Felipe has been a godsend, and not only has helped all for of us get adjusted, he and his friends are a lot of fun to hang out with. The other night we had a churrasco, barbecue, and I've gone out with him and his girlfriend a couple of times. It was his girlfriend's sister's birthday two days ago, and I got invited to go out for pizza with her family. This dynamic has been great, one of my biggest worries about living in an apartment with another student was that I wasn't going to be around families and would miss out on that aspect of the culture. This hasn't been the case at all, and I've been invited to all sorts of gatherings and functions by Felipe as well as the other students' families. Despite sounding cliche, everyone has been incredibly welcoming and genuine in wanting to get to know us and show us a good time. Felipe has personally found Garrett, another exchange student, another house to live in since his first apartment was not ideal. So tomorrow we'll move him into his new place, which is where Felipe's grandmother lives.
One fun activity this week was when we went to Caroline's, another exchange student, sister's graduation. Maybe the funniest difference between this ceremony and the others I've attended in the States was that instead of having a typical band play "Pomp and Circumstance" when all the graduates file in, they had a Beatles tribute band play.
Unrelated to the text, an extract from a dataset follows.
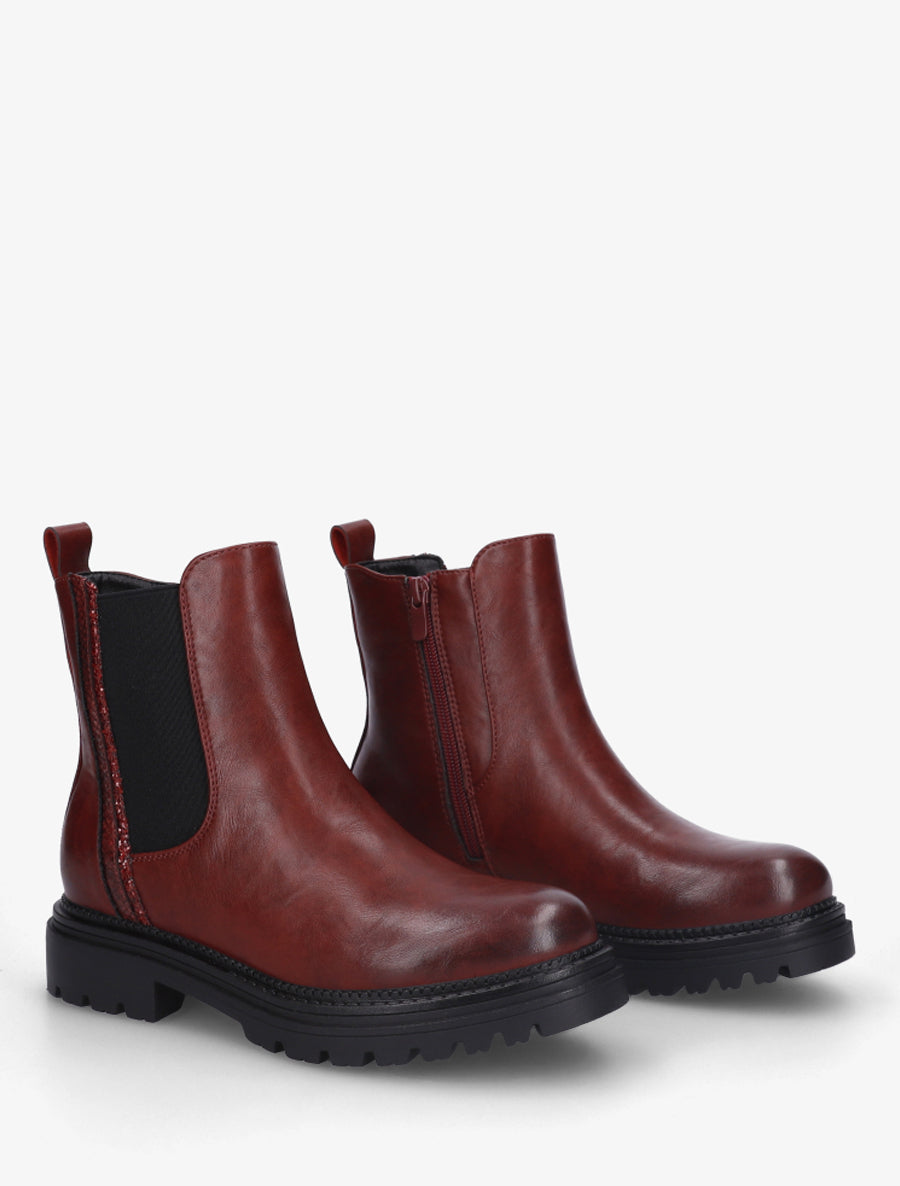 Chelsea à détail pailleté et imprimé croco - Bordeaux - 4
It was entertaining to watch everyone enter to lyrics like "she loves you yeah, yeah, yeah." This act was followed by an intense opera singer and other musical acts, so the whole thing ended up being quite the event. I've put up pictures on Picasa, which you can link to in the slideshow thing above. After this, we went with Caroline's family out to eat pizza to celebrate.
So, all is well. I'm still adjusting to being in a new place and am nervous for classes starting and meeting a ton of new people all at once. We're going to meet the rest of the exchange students who aren't in our program soon, so that will be fun.